=== Begin Enclosure ===

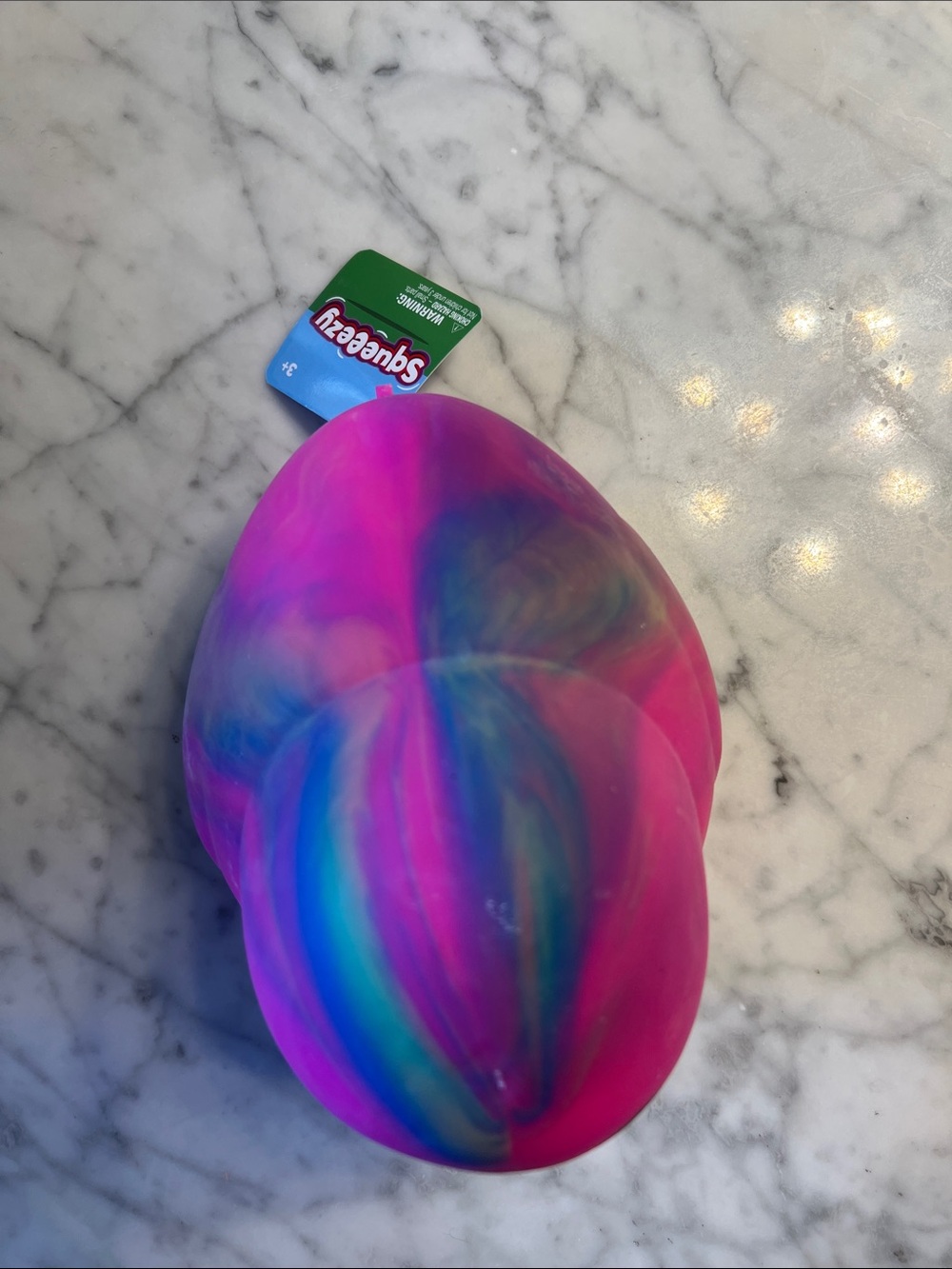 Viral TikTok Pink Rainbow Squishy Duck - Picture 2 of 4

=== End Enclosure ===
=== Begin Enclosure ===

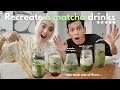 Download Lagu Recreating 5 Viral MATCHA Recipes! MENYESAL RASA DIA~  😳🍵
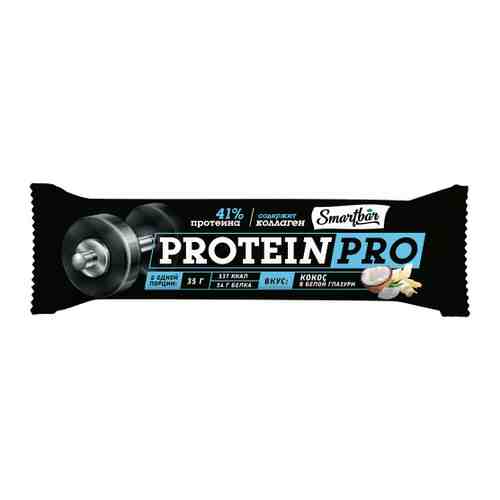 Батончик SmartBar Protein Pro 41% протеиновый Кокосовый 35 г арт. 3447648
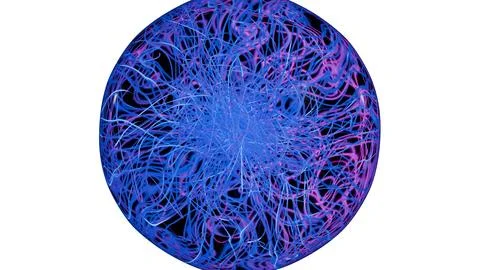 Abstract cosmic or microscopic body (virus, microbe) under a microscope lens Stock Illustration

=== End Enclosure ===

--- TASK TO COMPLETE ---
Leaving every picture aside, reproduce exactly the lines above from the one with "Download Lagu Recreating" up to and including the one with "Abstract cosmic or", and no others.

--- YOUR SOLUTION ---
 Download Lagu Recreating 5 Viral MATCHA Recipes! MENYESAL RASA DIA~  😳🍵
 Батончик SmartBar Protein Pro 41% протеиновый Кокосовый 35 г арт. 3447648
 Abstract cosmic or microscopic body (virus, microbe) under a microscope lens Stock Illustration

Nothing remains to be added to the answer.